A novel statistical approach is developed and implemented for the stochastic reconstruction of nonaqueous phase liquid (NAPL) source zone realizations and the quantification of source zone metrics and associated uncertainty. The approach employs discriminative random field (DRF) models, to simulate the spatial distributions and relationships among source zone properties (i.e., permeability, NAPL saturation, and aqueous concentration distributions) consistent with commonly collected field data. Application of DRF models requires a limited number of full‐scale simulations to train the model parameters.

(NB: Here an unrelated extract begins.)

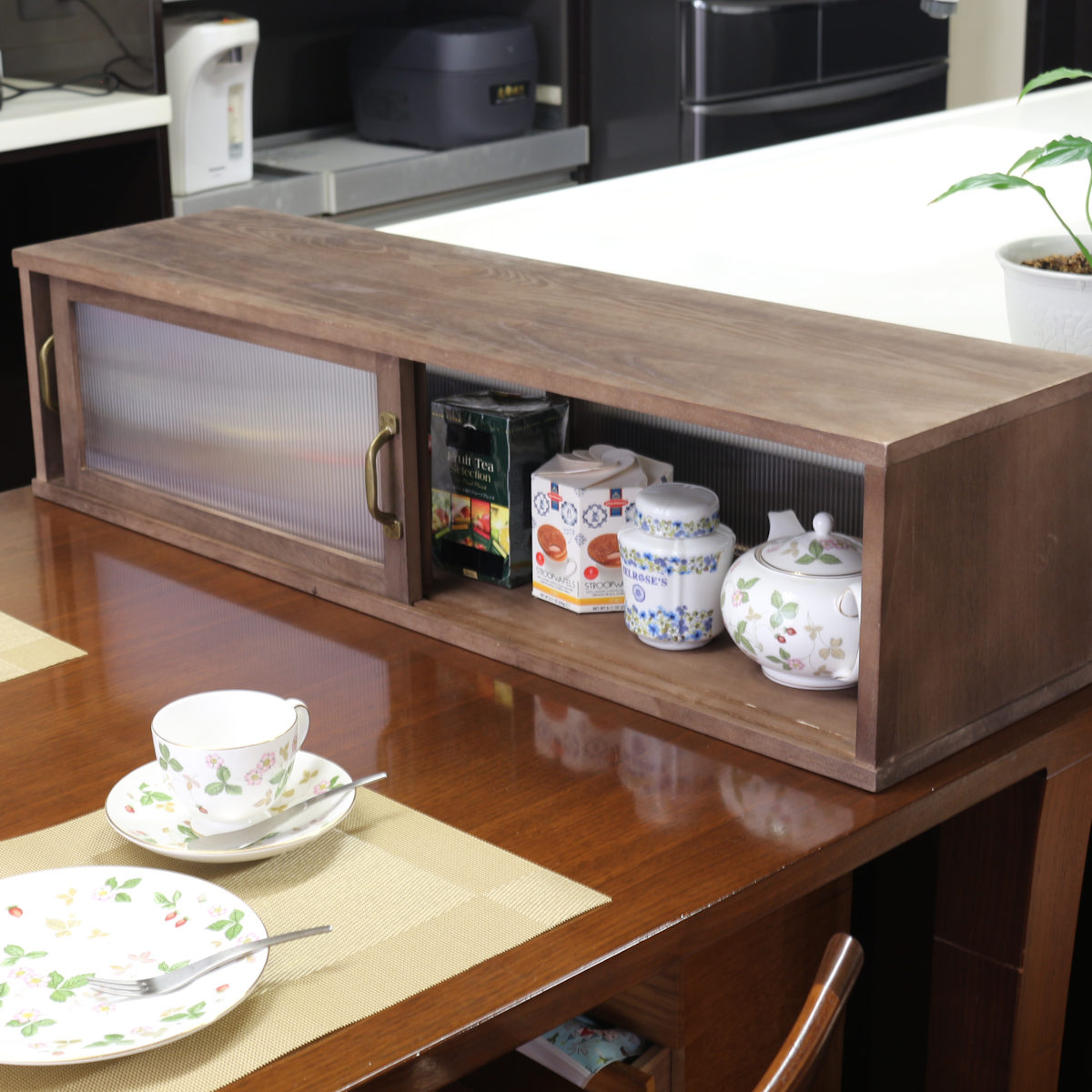 カウンター上収納 アンティーク風 カウンター上収納庫 幅90cm キッチン （ カウンターラック カップボード スパイスラック 卓上ラック ショーケース 引き戸 ）_13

Monte Carlo sampling methods based on these trained models then provide an efficient method to generate contaminant mass realizations conditioned on measured boreholes, bypassing the need to run computationally intensive, partial differential equation‐based simulations of physical flow and transport. Postprocessing of these realizations yields approximations of uncertainty to inform further sampling for characterization and remediation. The reconstructed contaminant mass realizations provide sufficient information for calculating averaged characterization metrics, such as total contaminant mass and pool fraction, used to predict source zone longevity, mass recovery behavior, and remedial performance. The model performance is evaluated through comparisons of these predicted source zone metrics with those obtained from the “true” mass distributions generated with validated flow and transport models. These comparisons clearly demonstrate that stochastic application of a DRF model can reconstruct realistic saturation and concentration fields, conditioned to borehole data at different times. The present study should be viewed as the first step in generating a three‐dimensional characterization tool that can be applied over a wide range of conditions observed at contaminated sites.